Berlusconi escort tape may spark antiquities probe
Prime Minister Silvio Berlusconi's private conversations with an escort, which have riveted Italians all week, may wind up getting him into trouble with Italy's archaeological authorities.world Updated: Jul 24, 2009 16:47 IST
Prime Minister Silvio Berlusconi's private conversations with an escort, which have riveted Italians all week, may wind up getting him into trouble with Italy's archaeological authorities.
In one of the transcripts of his purported conversations with Patrizia D'Addario posted on an Italian website, Berlusconi boasts to her about his sprawling villa in Sardinia -- complete with an ice cream parlour and artificial lakes.
"Here we found 30 Phoenician tombs from (around) 300 BC," the voice is heard to say.
The latest audio clip was posted on the website of L'Espresso weekly on Thursday and immediately raised the interest of the opposition and the archaeological community.
Under Italian law archaeological discoveries made on private property must be reported to authorities for inspection, cataloguing and possible excavation.
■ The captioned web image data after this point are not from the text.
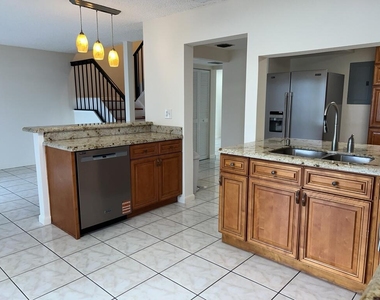 3094 Bermwood Lane - Photo Thumbnail 6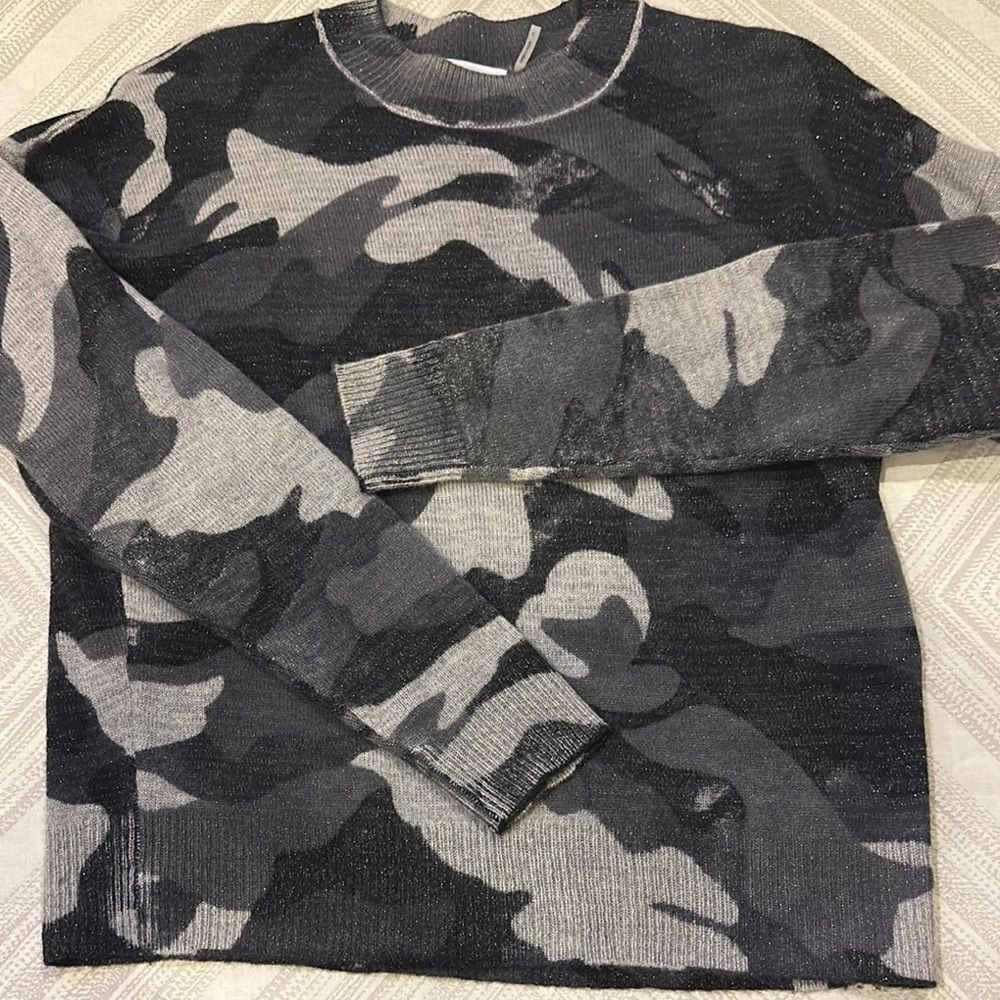 27 Miles Women's Gray & Metallic Camouflage Cashmere Sweater - Size S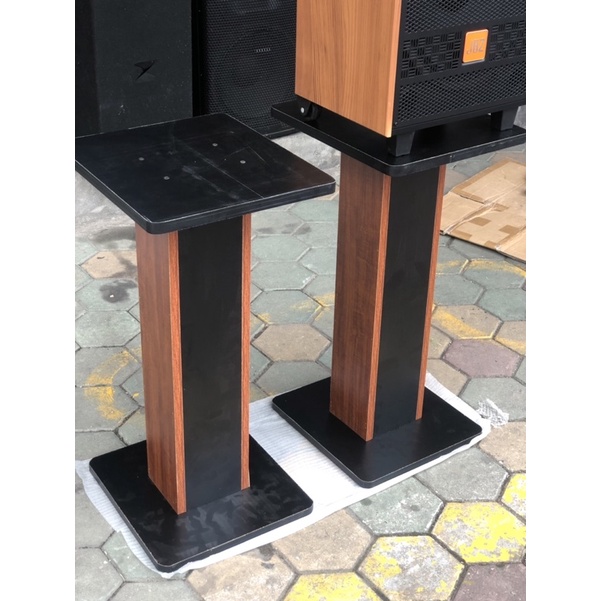 Chân loa đứng màu vân gỗ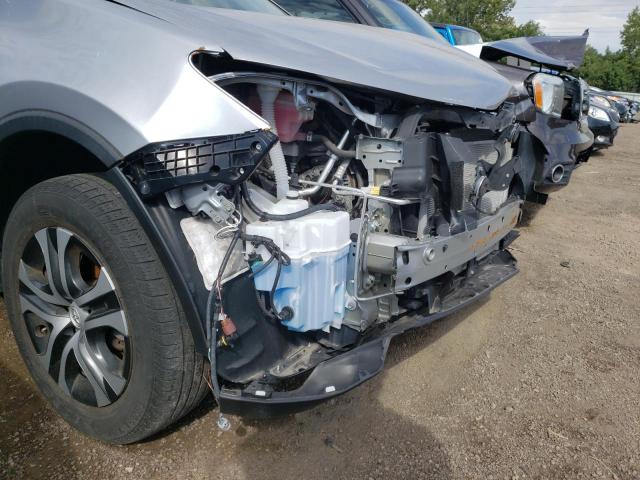 Photo 10 from auction – 2017 TOYOTA RAV4 LE with VIN 2T3BFREVXHW561832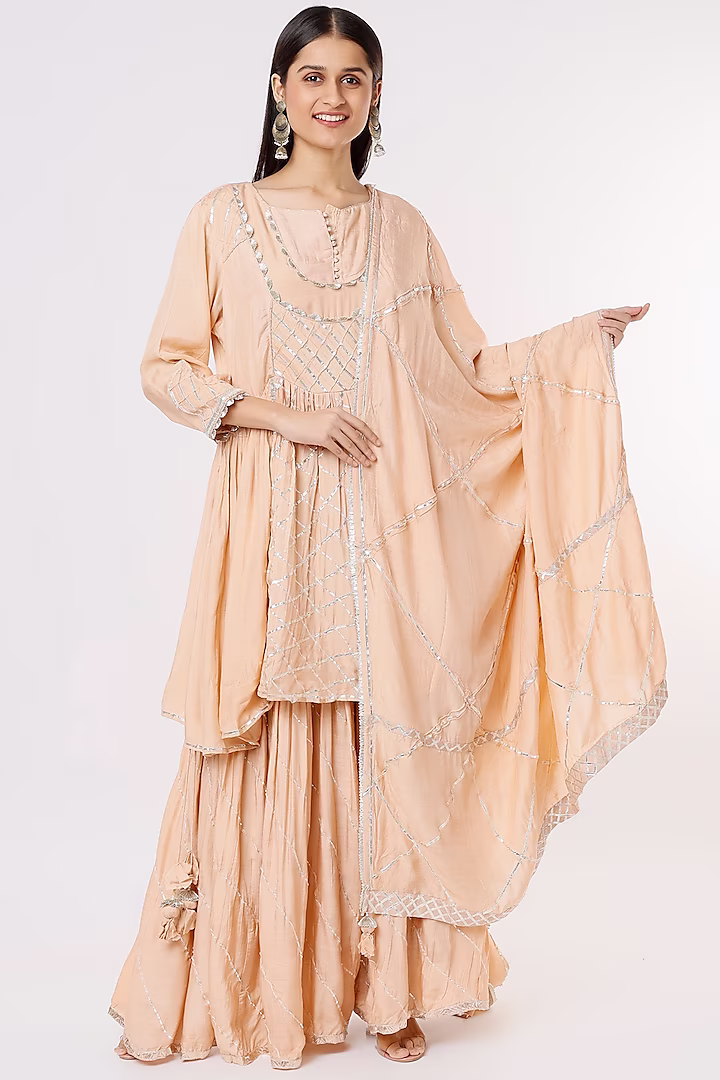 Elegance in Ethnic Wear: The Timeless Charm of Leheriya, Bandhej, and Chiffon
Italian newspapers reported on Friday that cultural heritage authorities in Sardinia knew nothing about the sites, which archaeologists said would be a major find if confirmed.
The opposition Democratic Party demanded that either Berlusconi or Culture Minister Sandro Bondi address parliament on the purported find and why it was not reported.
"We want to know if they exist or not and if so, whether they have been reported," said opposition parliamentarian Andrea Marcucci.
The national association of archaeologists said they did not know about the site but that if it existed it could reveal many aspects of early civilisations on the Mediterranean island.
The Phoenicians were a trading people with settlements or colonies in many parts of the Mediterranean. Their origins have been traced to about 2300 BC and had declined by the early part of the 1st century AD.
"Sex and Silvio"
This week the website of weekly magazine L'Espresso has posted recordings of conversations between Berlusconi and D'Addario, 42, who says she and other women were paid to attend parties at Berlusconi's residence in Rome.
The 72-year old conservative prime minister and self-made billionaire, who often boasts of his sexual prowess, has not denied that D'Addario went to his home, but has said that he did not know she was an escort and that he has never paid for sex.
On Wednesday he said that he acknowledged that he was "no saint" but vowed to govern until the end of his mandate in 2013.
L'Espresso entitled its latest cover "Sex and the Silvio" and said politicians were asking themselves "Can he still govern the country?"
Although Berlusconi has tried to make light of the controversy surrounding his private life, the possible political ramifications have been lurking in the background.
An opinion poll published on Tuesday showed his approval rating falling below 50 percent for the first time since he won a landslide election victory last year.
The poll showed that Berlusconi had lost four percentage points since May, when his wife filed for divorce, setting off a chain of revelalations about his private life.
In an interview on Repubblica Television, opposition leader Dario Franceschini said Berlusconi's weakened position was "an objective fact" and that he believed there was possibility that the government could collapse in the autumn.